I got mine off craigslist for 800 bucks it had never touched snow wiring and mount was 1K so for 1800 bucks i am set up. It scrapes pretty good can't complain do several driveways and lot's with it. The only problem is the lift ram needs to be longer to compensate for my lift i am thinking of a way to use some blocks on the push frame mounts to lower it 2" to solve this problem other then that this thing works better then i thought it would and it's making me money.


----------



## Matt400

yakima;735350 said:


> This is my 2004 Tacoma with a 6'-8" Homesteader.

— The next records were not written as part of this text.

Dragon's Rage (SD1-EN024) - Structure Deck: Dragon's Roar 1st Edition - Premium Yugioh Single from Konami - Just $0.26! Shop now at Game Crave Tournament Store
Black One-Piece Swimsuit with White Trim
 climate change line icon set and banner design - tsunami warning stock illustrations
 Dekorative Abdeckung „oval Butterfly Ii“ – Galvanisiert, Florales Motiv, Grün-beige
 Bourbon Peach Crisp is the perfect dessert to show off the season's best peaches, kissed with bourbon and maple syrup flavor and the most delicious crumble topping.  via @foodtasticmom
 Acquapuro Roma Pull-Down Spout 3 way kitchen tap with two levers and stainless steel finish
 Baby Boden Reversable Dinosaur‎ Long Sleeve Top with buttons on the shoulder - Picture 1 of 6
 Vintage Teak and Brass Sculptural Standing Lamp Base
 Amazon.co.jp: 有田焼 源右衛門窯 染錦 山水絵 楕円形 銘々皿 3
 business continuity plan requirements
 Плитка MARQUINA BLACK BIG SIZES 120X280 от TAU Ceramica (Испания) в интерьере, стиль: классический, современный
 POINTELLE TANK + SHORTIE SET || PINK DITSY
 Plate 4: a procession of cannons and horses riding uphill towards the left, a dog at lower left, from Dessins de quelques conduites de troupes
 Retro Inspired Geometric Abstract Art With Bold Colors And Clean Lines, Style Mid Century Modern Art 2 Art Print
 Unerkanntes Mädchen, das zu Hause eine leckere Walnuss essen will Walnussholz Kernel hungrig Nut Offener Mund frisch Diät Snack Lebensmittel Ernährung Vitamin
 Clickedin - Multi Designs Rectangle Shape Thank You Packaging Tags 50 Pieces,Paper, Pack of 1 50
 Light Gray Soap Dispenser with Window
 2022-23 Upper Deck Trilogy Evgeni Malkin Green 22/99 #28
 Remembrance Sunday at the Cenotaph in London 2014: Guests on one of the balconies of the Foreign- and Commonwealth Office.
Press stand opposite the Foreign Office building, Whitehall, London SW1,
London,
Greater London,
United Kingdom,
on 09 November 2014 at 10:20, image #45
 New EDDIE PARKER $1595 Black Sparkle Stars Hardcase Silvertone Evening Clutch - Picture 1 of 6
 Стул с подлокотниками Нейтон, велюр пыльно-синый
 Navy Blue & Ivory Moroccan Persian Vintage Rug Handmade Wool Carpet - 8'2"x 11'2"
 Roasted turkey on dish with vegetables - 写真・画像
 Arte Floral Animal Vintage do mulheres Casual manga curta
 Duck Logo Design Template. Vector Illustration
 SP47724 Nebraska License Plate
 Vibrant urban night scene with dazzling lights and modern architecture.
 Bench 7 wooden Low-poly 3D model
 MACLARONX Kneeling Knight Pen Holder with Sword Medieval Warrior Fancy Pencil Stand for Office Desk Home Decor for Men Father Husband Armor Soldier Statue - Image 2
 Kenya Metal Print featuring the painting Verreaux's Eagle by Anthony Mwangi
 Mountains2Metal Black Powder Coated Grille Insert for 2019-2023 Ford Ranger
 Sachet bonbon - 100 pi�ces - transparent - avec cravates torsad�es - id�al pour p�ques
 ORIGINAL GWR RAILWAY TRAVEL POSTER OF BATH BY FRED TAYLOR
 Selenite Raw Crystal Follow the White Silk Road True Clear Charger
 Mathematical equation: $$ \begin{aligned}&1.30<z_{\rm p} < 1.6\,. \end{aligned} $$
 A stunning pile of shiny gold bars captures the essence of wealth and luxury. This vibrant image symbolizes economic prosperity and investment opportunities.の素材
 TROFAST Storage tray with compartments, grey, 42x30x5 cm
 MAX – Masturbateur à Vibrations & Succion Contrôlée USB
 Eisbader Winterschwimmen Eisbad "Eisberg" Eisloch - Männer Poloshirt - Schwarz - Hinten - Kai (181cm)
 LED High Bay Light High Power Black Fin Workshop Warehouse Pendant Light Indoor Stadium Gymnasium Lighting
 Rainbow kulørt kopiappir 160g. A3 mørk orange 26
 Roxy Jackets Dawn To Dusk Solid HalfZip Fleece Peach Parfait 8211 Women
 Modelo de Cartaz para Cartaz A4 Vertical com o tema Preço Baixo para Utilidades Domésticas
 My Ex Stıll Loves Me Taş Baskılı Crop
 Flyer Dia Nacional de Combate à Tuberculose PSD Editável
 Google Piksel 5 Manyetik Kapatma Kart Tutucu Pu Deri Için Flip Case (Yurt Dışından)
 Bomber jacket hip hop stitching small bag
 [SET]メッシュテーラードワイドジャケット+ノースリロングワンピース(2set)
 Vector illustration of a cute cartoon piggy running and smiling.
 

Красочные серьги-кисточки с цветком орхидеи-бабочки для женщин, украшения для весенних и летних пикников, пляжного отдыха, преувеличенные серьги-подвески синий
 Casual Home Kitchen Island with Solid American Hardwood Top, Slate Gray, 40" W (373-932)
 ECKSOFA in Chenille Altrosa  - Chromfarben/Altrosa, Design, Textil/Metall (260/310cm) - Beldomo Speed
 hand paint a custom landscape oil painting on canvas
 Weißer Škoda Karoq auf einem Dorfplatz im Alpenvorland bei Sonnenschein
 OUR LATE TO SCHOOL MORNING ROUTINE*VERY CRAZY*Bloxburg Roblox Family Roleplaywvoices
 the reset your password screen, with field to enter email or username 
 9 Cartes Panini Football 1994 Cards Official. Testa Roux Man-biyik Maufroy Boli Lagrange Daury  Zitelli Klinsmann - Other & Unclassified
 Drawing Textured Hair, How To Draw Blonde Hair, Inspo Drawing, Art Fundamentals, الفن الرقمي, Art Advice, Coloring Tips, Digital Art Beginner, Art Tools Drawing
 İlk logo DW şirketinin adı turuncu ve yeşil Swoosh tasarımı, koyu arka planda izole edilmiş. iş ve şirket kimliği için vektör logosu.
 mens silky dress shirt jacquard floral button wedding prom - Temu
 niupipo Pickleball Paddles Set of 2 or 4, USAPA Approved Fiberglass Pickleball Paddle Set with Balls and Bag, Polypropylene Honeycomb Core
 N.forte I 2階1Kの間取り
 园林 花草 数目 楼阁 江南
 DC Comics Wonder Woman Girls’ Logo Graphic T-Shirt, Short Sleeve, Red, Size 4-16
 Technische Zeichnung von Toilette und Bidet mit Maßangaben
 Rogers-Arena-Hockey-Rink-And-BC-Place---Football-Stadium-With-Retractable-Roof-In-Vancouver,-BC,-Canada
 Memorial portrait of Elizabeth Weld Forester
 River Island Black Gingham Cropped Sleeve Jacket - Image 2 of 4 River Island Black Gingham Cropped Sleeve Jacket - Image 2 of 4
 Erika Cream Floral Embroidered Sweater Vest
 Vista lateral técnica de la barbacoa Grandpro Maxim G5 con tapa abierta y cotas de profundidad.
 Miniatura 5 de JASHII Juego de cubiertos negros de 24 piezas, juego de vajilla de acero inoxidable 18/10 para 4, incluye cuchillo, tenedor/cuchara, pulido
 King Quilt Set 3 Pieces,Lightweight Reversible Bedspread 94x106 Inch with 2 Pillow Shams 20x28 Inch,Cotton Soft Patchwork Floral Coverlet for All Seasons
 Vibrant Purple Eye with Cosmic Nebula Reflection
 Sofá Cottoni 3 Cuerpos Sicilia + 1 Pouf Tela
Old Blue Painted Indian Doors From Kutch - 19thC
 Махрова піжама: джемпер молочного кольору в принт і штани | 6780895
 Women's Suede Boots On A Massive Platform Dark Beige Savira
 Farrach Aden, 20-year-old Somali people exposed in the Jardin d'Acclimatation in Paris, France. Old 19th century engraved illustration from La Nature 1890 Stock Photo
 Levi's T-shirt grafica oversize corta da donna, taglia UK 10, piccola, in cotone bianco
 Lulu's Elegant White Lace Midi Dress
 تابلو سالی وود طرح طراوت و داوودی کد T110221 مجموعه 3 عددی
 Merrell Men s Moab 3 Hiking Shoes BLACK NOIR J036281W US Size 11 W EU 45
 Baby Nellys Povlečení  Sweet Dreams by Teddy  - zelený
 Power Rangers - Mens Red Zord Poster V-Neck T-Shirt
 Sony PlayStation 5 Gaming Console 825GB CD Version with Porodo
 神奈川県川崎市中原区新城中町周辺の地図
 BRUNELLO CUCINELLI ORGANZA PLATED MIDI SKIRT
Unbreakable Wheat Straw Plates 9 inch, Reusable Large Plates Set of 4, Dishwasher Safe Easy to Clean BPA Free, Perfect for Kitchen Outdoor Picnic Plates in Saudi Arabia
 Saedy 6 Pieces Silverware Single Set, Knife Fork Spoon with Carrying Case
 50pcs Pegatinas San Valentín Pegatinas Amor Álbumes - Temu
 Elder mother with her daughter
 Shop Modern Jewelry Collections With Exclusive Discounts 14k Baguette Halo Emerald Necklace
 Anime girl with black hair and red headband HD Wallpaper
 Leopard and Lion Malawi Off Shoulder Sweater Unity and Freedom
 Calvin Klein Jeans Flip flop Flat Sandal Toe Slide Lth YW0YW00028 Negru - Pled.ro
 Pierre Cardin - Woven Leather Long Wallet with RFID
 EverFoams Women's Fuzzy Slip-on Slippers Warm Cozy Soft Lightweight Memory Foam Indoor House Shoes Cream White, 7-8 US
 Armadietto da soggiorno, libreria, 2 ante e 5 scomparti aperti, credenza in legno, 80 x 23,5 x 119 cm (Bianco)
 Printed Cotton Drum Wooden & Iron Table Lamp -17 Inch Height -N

Impressive pics for that rig. Makes me wonder if my Jeep Liberty at 4000 lbs would work well enough for us. Our trouble is if we are gone and come back with 18 or more inches at one time.


----------



## mustash29

My blazer weighs about 4600 empty. It pushes decent in the deeper storms.

The worst issue is the (crappy for snow) 1/2 tread stock BFG Long Trails that have 55 K on them. Real tires would turn this thing into a tank.

I run with 425 lb of ballast in the rear when the plow is on. Air Lift air bags keep the rear from sagging like a sissy.



















Air Lift doesn't really make an air bag kit for the ZR2, so I got a standard Blazer kit and made some HD poly spacers to compensate for the higher ride height of the ZR2. The've been on there for 2 years now with no issues.


----------



## mustash29

I had to make some spacers for the front plow mount too, since the Z rides higher than a regular S-10.

If you don't want to drop the brackets very far, you could try an extention on the lift ram to get the blade back on the pavement.


----------



## mustash29

I have about a 125 foot driveway that is a 10 to 12% grade. I can push anything down hill (but have issues not burying the sled trailer and my extra parking spots, getting gravel in the yard, etc), but more than about 12" uphill is a challenge (traction issue), especially if it is a heavy wet storm with any icy crap underneath. We get a lot of that here is SE CT.










The big 19" storm in Dec went to the trusty MTD 26" 8 HP blower. I didn't feel like bashing on the Blazer and starting the winter with huge snowbanks.


----------



## chris15010

mustash29;954557 said:


> I had to make some spacers for the front plow mount too, since the Z rides higher than a regular S-10.
> 
> If you don't want to drop the brackets very far, you could try an extention on the lift ram to get the blade back on the pavement.


I thought about that way of doing it too but i don't want to get my A frame much lower then it is already much further away from level and it will start tripping a lot i think moving the mounts where the receivers go in would be better in the long run since everything will be back to level where it is supposed to be. I could be wrong tho i have plenty of lift as far as the ram goes just when i put my hitch packer and my salt and spreader on it it is taking away that 1" of leeway i had. In your picture your A frame looks near level when the blade is down on mine when the blade is lowered my A frame is running down hill with 6" of the ram exposed only got 1" left on the stroke that is where my problem is since i am 2.5" above stock height.


----------